Landfalling major hurricanes in the northeast U.S. are a rare breed, with only five having been observed since settlers arrived in the early 1600s — an average of just over one such storm per century. And despite warmer sea surface temperatures in the past 30 years, the northeast U.S. has avoided a major hurricane landfall since Carol in 1954. Yet research suggests these storms may become more likely as the climate continues to change.
Since accurate records began in 1851, only two other major hurricanes made landfall in the Northeast U.S.: the 1938 Long Island Express Hurricane and an unnamed 1869 storm that hit Rhode Island (though there’s reason to be skeptical of the second one; in an email, historical hurricane expert Cary Mock said, “I doubt it would intensify that far north as a Cat 3.”)
What about before accurate record-keeping began? Severe hurricanes that hit Long Island and then Connecticut in 1635 and 1815 were likely major hurricanes. A 2014 paper, Estimation of Hurricane Wind Speed Probabilities: Application to New York City and Other Coastal Locations, estimated that major hurricane wind speeds should occur about once every 300 years on Long Island and once every 700 years in New York City.
Note that by ”major hurricane,” we mean one with sustained winds of at least 111 mph, making it a Category 3 on the Saffir-Simpson Scale. A large, west-angling hurricane like 2012’s Sandy – discussed below – can deliver a catastrophic storm surge to the Northeast even if its winds decrease below the major-hurricane threshold just before landfall.
As the climate warms, at least four factors might increase the risk of a major hurricane in the northeast U.S.:
- Ocean warming is causing the strongest hurricanes to get stronger.
- A poleward shift in which hurricanes reach their peak intensity farther north (primarily because of warming sea surface temperatures)
- More hurricanes are forming close to the U.S. coast as a result of ocean warming.
- More Greenland blocking (a “stuck” jet stream pattern that increases the risk of a Northeast U.S. landfall)
One factor that might decrease risk: a tendency toward slower-moving storms, which would result in more weakening as they cross the cold waters offshore of the Northeast.
My hunch: these competing factors may act to modestly increase the major hurricane risk to the Northeast, so that a one-in-100-year storm of the 20th century would be roughly a one-in-75-year storm during the 2026-2050 period.
Global warming expected to make the strongest hurricanes stronger
As discussed in detail in our previous post, Global warming is making the strongest hurricanes stronger, one of the more confident predictions on how climate change will affect hurricanes is that the strongest hurricanes will get stronger. As a result, the odds of a major hurricane hitting the Northeast will increase. A 2022 study, A globally consistent local-scale assessment of future tropical cyclone risk, found for the near term (until the year 2050), climate change could be expected to increase in the maximum winds of a one-in-100-year hurricane for the Northeast by about 7-11 mph (3-5 m/s, Fig. 4). Hurricane Bob of 1991 hit Rhode Island as a Cat 2 with 100 mph (160 km/h) winds; if it were to hit this year, those top winds might well be 115 mph (185 km/h), making it a low-end Cat 3.

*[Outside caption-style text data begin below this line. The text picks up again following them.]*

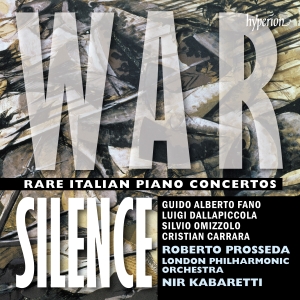 Roberto Prosseda London Philharmon - War Silence - Rare Italian Piano Co i gruppen ÖVRIGT / Kommande - alla format hos Bengans Skivbutik AB (5578443)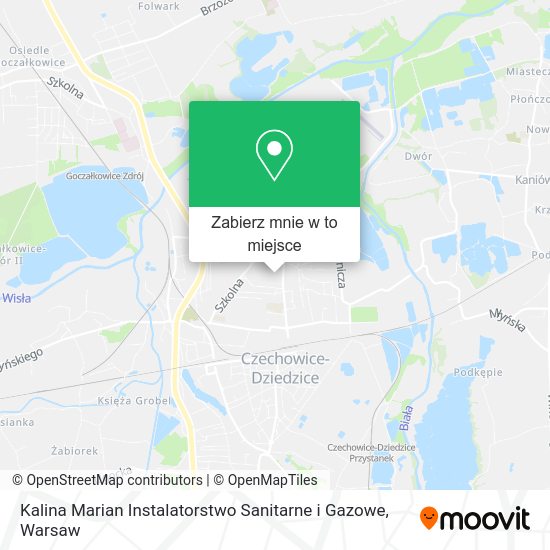 Mapa Kalina Marian Instalatorstwo Sanitarne i Gazowe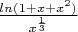 $\frac {ln(1+x+x^2)}{x^{\frac {1}{3}}}$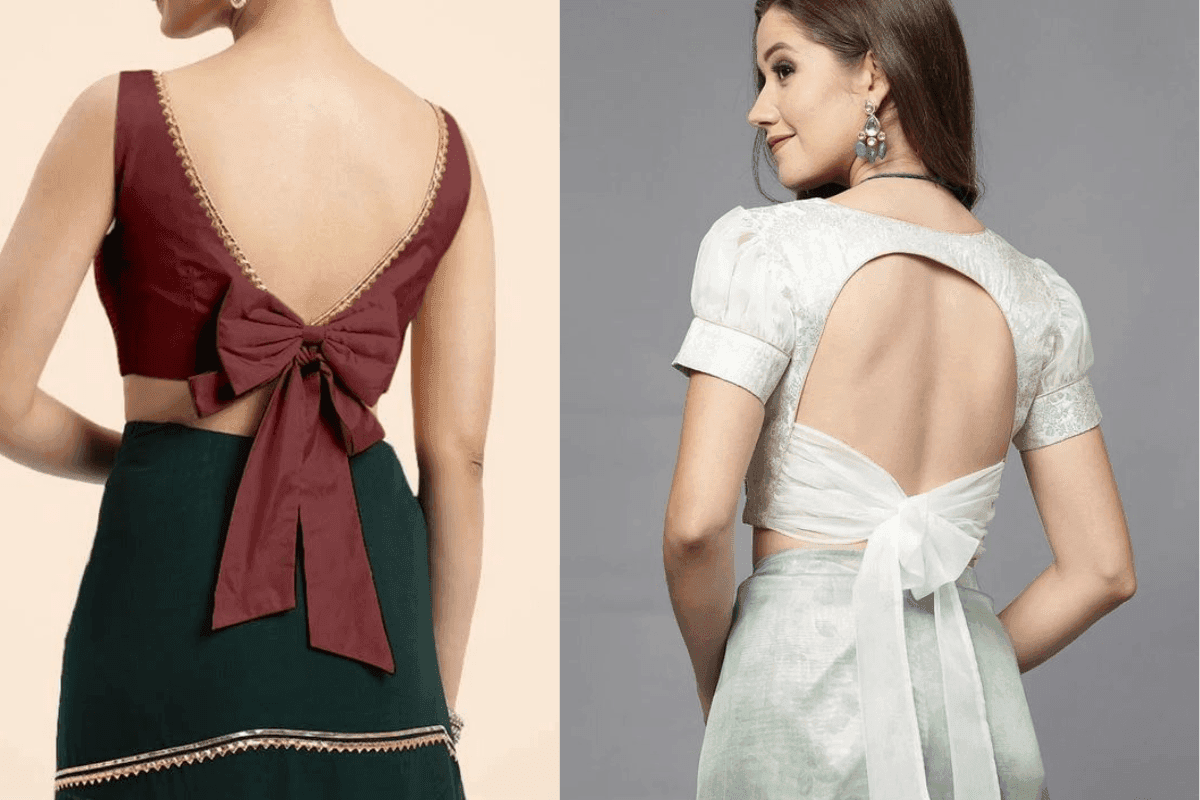 Trending backless blouse Designs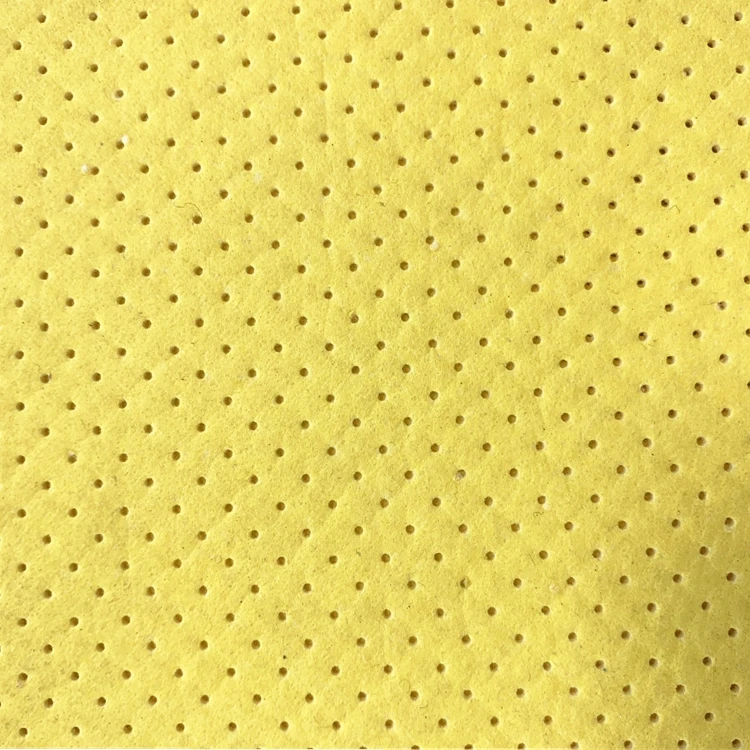 80%viscose 20%polyester needle punched perforated  nonwoven needle  cleaning washing cloth for kitchen cleaning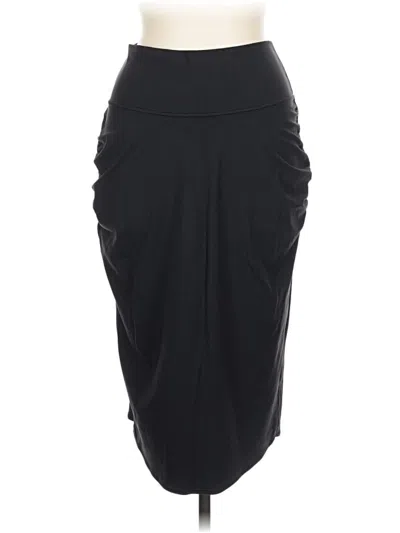 Pre-owned Athleta Casual Skirt In Black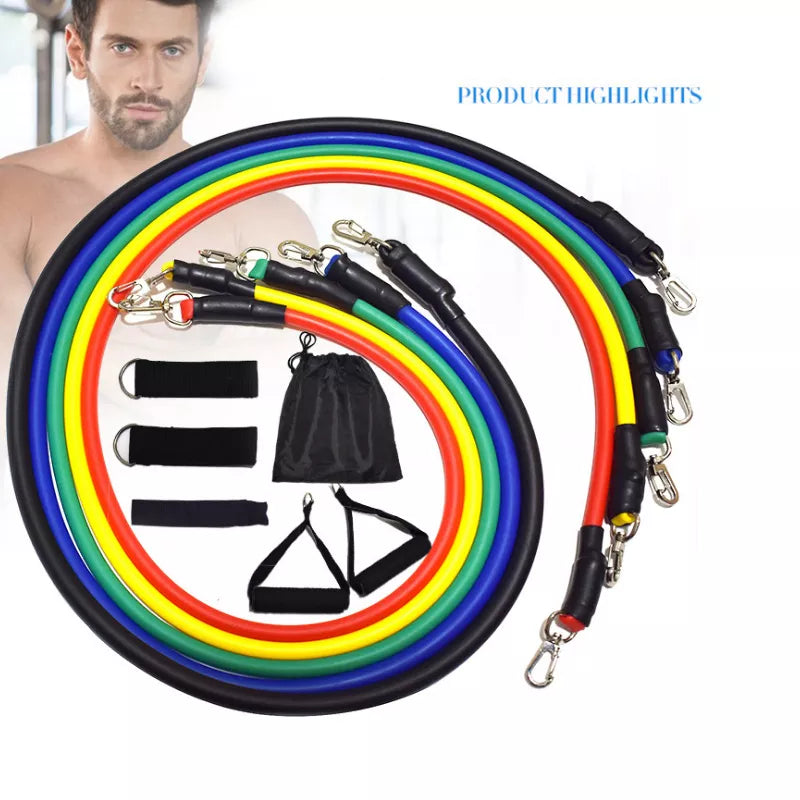 11 Piece Set Of Resistance Band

A poleward shift in hurricanes would increase the Northeast risk
Climate change is expected to cause a shift to the north in where hurricanes reach their maximum intensity, which would increase the major hurricane threat to the Northeast. For example, a 2024 modeling study, Robust future projections of global spatial distribution of major tropical cyclones and sea level pressure gradients, showed a significant shift northward toward the northeast U.S. for major hurricanes by the end of the century — primarily because warmer waters farther to the north will allow hurricanes to retain their strength as they head north.

More hurricanes may form near the U.S. coast, increasing the number of landfalls
As we detailed in a previous post, The future of Atlantic hurricane tracks, as the waters near the U.S. coast warm because of climate change, we might expect that an increasing number of hurricanes could form in waters that were formerly too cool. This would likely increase the Northeast hurricane risk, as exemplified by 2021’s Hurricane Henri.

Summertime Greenland blocking is increasing, amplifying the Northeast’s landfalling hurricane risk
An atmospheric phenomenon known as Greenland blocking — a “stuck” jet stream pattern over Greenland — can deflect hurricanes approaching the Northeast from following their usual recurvature path to the northeast, forcing them instead to the northwest, resulting in increased landfall risks to New England. This phenomenon occurred with Hurricane Sandy in October 2012. According to a 2024 paper, Greenland summer blocking characteristics: an evaluation of a high-resolution multi-model ensemble, summertime Greenland blocking episodes of the type that would cause increased hurricane landfall risks to the Northeast U.S. showed a “sharp increase between the 1990s and 2010s,” reaching record levels. Such an increase could be caused by Arctic sea ice loss from human-caused climate change, though natural decades-long weather variability may also be responsible.
Unfortunately, climate models have a tough time correctly predicting Greenland blocking, so we are in the dark on how this particular threat might evolve. A 2013 paper, Model projections of atmospheric steering of Sandy-like superstorms, argued that our best climate models project we should see a decrease in the type of steering patterns that brought Sandy to the coast at such an unusual angle.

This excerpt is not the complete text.